El resultado es una visión completamente desacralizada de la Guerra Civil española y de los intelectuales que tomaron partido en ella. Muchos de ellos son víctimas de las críticas feroces o del sarcasmo de la escritora mexicana, empezando por su marido Octavio Paz (exmarido en el momento de la elaboración del texto), que aparece como un hombre autoritario, inflexible y poco comprensivo con su joven esposa. Pablo Neruda, apodado “La Chirimoya” por Bergamín, es un “viejo egoísta” (igual que Vicente Sáenz) que tiene las orejas “llenas de cerilla” y que ha abandonado a su hija hidrocefálica y a su esposa, “la giganta holandesa”. Las ponencias del congreso o muchas de las actividades realizadas en España también son ridiculizadas por la pluma evocadora, humorística en ocasiones, de Elena Garro. Sin embargo, redime a algunos escritores, como Antonio Machado (quien le suscita una profunda compasión cuando van a visitarlo a su casa, acompañado de su anciana madre), Miguel Hernández, León Felipe o César Vallejo. A este último le dedica unas líneas emotivas en las que destaca su calidad humana y poética:

"Una noche en la que fuimos con ellos a un mitin, Vallejo quiso colocarse hasta adelante, para no perder ni una palabra de lo que allí se iba a decir. El teatro estaba repleto y nos quedamos de pie en el pasillo, muy cerca de la escena. A mí no me interesaban los oradores, me fascinaba el rostro grave de Vallejo, como si estuviera devorado por un terrible sufrimiento, y no pude quitarle la vista de encima. Él se dio cuenta de cómo lo miraba y me echó un brazo al cuello, sin dejar de escuchar a los oradores. A su contacto, me invadió una corriente de bondad que nunca más he vuelto a sentir. Aquel hombre era un hombre aparte, era un poeta. Creo que la poesía va unida a la profundidad de la bondad. Todavía veo su suéter de lana cruda y sus ojos trágicos".

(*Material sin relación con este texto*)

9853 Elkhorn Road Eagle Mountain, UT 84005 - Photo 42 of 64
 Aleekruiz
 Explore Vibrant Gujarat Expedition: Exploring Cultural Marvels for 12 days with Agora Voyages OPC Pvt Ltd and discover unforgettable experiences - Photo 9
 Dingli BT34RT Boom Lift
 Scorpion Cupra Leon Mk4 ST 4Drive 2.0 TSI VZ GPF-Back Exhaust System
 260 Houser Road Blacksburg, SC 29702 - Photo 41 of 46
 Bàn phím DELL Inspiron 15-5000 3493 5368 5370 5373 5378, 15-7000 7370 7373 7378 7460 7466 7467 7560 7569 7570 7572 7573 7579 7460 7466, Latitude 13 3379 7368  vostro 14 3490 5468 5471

Memorias de España 1937 constituye una mirada original e inteligente, y desde una perspectiva alejada del canon de la mitificación, sobre los sucesos de España, las peripecias de los intelectuales y las contradicciones de una guerra que setenta y cinco años después de su estallido sigue derramando tinta, levantando encendidos debates y constituyendo material literario para muchos escritores.